Data extracted from a collection:
▬▬▬
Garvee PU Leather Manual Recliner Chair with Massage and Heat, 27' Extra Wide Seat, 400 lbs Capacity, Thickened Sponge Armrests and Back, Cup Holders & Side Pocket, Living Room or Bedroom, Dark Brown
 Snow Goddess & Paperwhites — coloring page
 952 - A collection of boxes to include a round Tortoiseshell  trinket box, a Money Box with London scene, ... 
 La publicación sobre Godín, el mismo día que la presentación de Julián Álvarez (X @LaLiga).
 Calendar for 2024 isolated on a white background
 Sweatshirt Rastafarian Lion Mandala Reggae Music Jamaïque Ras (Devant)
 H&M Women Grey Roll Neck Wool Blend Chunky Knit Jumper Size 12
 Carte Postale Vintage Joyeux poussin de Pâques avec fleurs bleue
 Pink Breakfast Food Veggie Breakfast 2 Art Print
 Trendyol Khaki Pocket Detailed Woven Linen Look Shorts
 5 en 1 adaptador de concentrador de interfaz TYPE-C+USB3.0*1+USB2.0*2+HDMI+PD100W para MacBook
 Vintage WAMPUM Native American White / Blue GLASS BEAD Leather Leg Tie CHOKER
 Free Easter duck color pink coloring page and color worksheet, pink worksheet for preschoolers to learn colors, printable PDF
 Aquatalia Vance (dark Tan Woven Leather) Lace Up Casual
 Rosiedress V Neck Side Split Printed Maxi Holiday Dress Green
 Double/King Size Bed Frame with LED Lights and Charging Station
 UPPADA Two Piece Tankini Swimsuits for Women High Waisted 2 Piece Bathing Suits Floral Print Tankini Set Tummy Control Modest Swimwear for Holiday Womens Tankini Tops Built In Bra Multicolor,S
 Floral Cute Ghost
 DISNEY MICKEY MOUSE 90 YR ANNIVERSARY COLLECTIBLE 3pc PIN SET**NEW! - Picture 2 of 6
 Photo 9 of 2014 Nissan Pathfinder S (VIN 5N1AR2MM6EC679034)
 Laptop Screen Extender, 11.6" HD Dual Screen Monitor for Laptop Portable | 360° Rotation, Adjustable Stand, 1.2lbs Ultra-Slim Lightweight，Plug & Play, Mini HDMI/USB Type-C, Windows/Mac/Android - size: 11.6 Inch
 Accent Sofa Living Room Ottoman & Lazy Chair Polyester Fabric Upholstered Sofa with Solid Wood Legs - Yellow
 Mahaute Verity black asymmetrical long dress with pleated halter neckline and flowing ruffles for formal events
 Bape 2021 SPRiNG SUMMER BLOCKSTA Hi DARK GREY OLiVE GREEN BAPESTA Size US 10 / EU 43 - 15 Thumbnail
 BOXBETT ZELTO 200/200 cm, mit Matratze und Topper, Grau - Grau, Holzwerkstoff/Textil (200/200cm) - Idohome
▬▬▬
TASK DETAILS: Give back the opening line of the records above and every line after it, up to and including the one with "Photo 9 of 2014", unchanged.

OUTPUT FOR THIS EXERCISE:
Garvee PU Leather Manual Recliner Chair with Massage and Heat, 27' Extra Wide Seat, 400 lbs Capacity, Thickened Sponge Armrests and Back, Cup Holders & Side Pocket, Living Room or Bedroom, Dark Brown
 Snow Goddess & Paperwhites — coloring page
 952 - A collection of boxes to include a round Tortoiseshell  trinket box, a Money Box with London scene, ... 
 La publicación sobre Godín, el mismo día que la presentación de Julián Álvarez (X @LaLiga).
 Calendar for 2024 isolated on a white background
 Sweatshirt Rastafarian Lion Mandala Reggae Music Jamaïque Ras (Devant)
 H&M Women Grey Roll Neck Wool Blend Chunky Knit Jumper Size 12
 Carte Postale Vintage Joyeux poussin de Pâques avec fleurs bleue
 Pink Breakfast Food Veggie Breakfast 2 Art Print
 Trendyol Khaki Pocket Detailed Woven Linen Look Shorts
 5 en 1 adaptador de concentrador de interfaz TYPE-C+USB3.0*1+USB2.0*2+HDMI+PD100W para MacBook
 Vintage WAMPUM Native American White / Blue GLASS BEAD Leather Leg Tie CHOKER
 Free Easter duck color pink coloring page and color worksheet, pink worksheet for preschoolers to learn colors, printable PDF
 Aquatalia Vance (dark Tan Woven Leather) Lace Up Casual
 Rosiedress V Neck Side Split Printed Maxi Holiday Dress Green
 Double/King Size Bed Frame with LED Lights and Charging Station
 UPPADA Two Piece Tankini Swimsuits for Women High Waisted 2 Piece Bathing Suits Floral Print Tankini Set Tummy Control Modest Swimwear for Holiday Womens Tankini Tops Built In Bra Multicolor,S
 Floral Cute Ghost
 DISNEY MICKEY MOUSE 90 YR ANNIVERSARY COLLECTIBLE 3pc PIN SET**NEW! - Picture 2 of 6
 Photo 9 of 2014 Nissan Pathfinder S (VIN 5N1AR2MM6EC679034)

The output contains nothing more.